Tornado Cash Sanctions Lifted but Mixer Risk Remains
The US Treasury announced on March 21, 2025, that it had removed its sanctions on Tornado Cash, closing the sanctioned period that began August 8, 2022.
- Tornado Cash has mixed over $7.6 billion worth of Ether since its August 2019 launch.
- Almost 30% of funds sent through Tornado Cash have been tied to illicit actors.
- Inflows to Tornado Cash more than doubled year over year in 2024, with the mixer still processing about $100 million each month.
- Tornado Cash processed over $2 billion during its sanctioned period from August 8, 2022 to March 21, 2025.
- In 2024, nearly a quarter of Tornado Cash inflows were stolen funds, including $145 million in Ether from the Heco Chain hack attributed to North Korean actors.
The court-driven sanctions removal does not change the underlying mixer risk profile. A wallet that touches Tornado Cash after March 21, 2025 is no longer reaching a sanctioned address, but the rest of the AML risk indicators, counterparty exposure, source-of-funds opacity, and downstream commingling are unchanged.
What Has and What Has Not Changed for Crypto AML
Compliance attention for crypto exchanges and broader RegTech tooling should track three shifts on the data side and one stubborn supervisory gap.
Three shifts on the data side, plus one stubborn supervisory gap, define the year-over-year change:
- Stablecoins comprised 84% of verified fraud inflows and made up 86% of all illicit crypto flows in 2025.
- Sanctioned-entity inflows rose 694% year over year, primarily driving the broader illicit increase.
- The US Department of Justice imposed a $504 million penalty on OKX on February 24, 2025, for systemic anti-money laundering failures.
- About 59% of jurisdictions with Travel Rule laws still report zero supervisory actions, leaving the implementation gap intact.
Key finding: At least $160 million of the Bybit funds moved through illicit channels within 48 hours of the hack. That speed sits largely outside any single regulator’s jurisdiction. Approximately 59% of jurisdictions with Travel Rule laws have yet to issue any supervisory findings, directives or enforcement actions. The gap leaves exchange-side compliance teams to carry most of the live-enforcement load.

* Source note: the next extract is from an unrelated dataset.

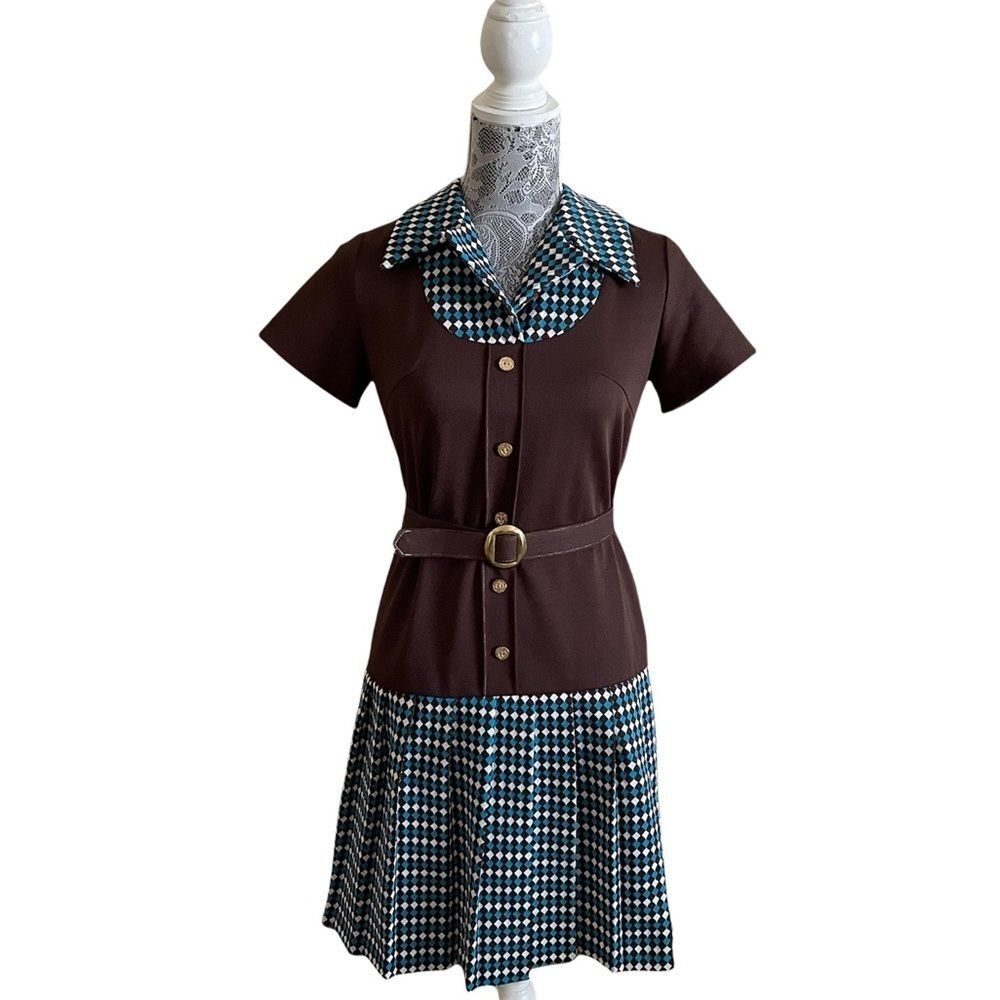 VINTAGE Handmade Diamond Print Polyester Brown Dress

The laundering supply chain has become more concentrated and cross-border, while supervisory cadence has stayed roughly where it was.
Conclusion
The 2025 data set is the year crypto-linked illicit volume reached at least $154 billion on the Chainalysis methodology and $158 billion on the TRM Labs methodology, with Chainalysis noting the illicit share of all attributed crypto transaction volume “remains below 1%” and TRM measuring the share at 1.2%. Sanctioned-entity inflows rose 694% year over year and drove most of the absolute increase. Stablecoins now account for roughly 84% of verified fraud inflows. The compliance implication is straightforward: the program tuned to 2022’s mix, bitcoin-first, scam-victim-tracing-first, is calibrated to a category distribution that no longer exists.
On the regulatory side, the FATF’s coverage of the Travel Rule reached 85 of 117 surveyed jurisdictions in 2025, but supervisory enforcement still lags legislative passage by a wide margin. OFAC’s crypto-specific sanctions footprint expanded to 1,245 wallets by February 2025. The next twelve months will be measured against how quickly that gap closes, how the post-Tornado Cash mixer landscape supervises itself, and whether any other exchange follows the $504 million path that OKX charted in February.